Hydraulic fracturing, the controversial drilling technique also known as fracking, has lifted U.S. energy output dramatically, despite warnings from critics who fear it pollutes water deep underground.

Any shift in public opinion could impact policy – and huge sums in energy spending – since drilling regulations are under review by President Barack Obama’s administration and local officials around the country. The high stakes involve a range of issues from U.S. energy independence, to protection of drinking water.

Both sides are using movies to try to win the debate, though actor Matt Damon says viewers should not assume the movie he stars in, “Promised Land,” is “a rabid anti-fracking polemic.”

In the film, Damon plays a gas company landman – an agent who buys or leases land – intent on drilling beneath a town where some residents are concerned about the perils of fracking. As the landman gets to know the townspeople, he suffers a crisis of conscience.

In an interview in Los Angeles, Damon said he worries that viewers will wrongly assume the film is one-sided and not see it. He declined to offer his personal view on fracking. “That’s not the point.
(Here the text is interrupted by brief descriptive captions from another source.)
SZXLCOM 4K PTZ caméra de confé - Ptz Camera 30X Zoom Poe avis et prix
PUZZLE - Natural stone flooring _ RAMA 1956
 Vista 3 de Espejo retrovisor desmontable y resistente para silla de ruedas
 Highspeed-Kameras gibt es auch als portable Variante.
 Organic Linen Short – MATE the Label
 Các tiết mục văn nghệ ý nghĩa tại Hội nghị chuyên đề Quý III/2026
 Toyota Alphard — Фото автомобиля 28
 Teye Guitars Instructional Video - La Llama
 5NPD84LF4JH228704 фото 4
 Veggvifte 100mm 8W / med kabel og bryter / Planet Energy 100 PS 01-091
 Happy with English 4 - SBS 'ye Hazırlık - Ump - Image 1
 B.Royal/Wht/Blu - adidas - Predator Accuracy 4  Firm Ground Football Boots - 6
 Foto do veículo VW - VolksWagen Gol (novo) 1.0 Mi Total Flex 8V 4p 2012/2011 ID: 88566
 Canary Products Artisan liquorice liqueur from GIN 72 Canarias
The point is that (the film) should start a conversation.”

The Northern Irish director Phelim McAleer’s documentary, “FrackNation,” is an unabashedly pro-drilling mantra set to air next month on AXS TV, the cable network controlled by Dallas Mavericks owner and media mogul Mark Cuban.

McAleer views fracking as “the best thing ever,” a potential savior for the U.S. economy, unless the forces he likes to call “Big Enviro” succeed in derailing it.

On the other side of the argument, HBO, the cable pay channel, could air a sequel to “Gasland,” a scathing 2010 documentary from director Josh Fox, as early as next year.

The original film featured scenes of tap water erupting into flames and mobilized environmental groups against fracking, drawing full-throated rebuttals from an oil industry that says the process has never caused water problems.

Fox declined comment for this article.

Amid the showdown, both industry and anti-fracking camps have mounted major campaigns to sway hearts and minds.

“It could become the biggest environmental debate of our time,” said Robert McNally, an energy policy expert and former White House adviser under George W. Bush. “Hollywood is taking notice, and the industry will have its work cut out for it to defend fracking.”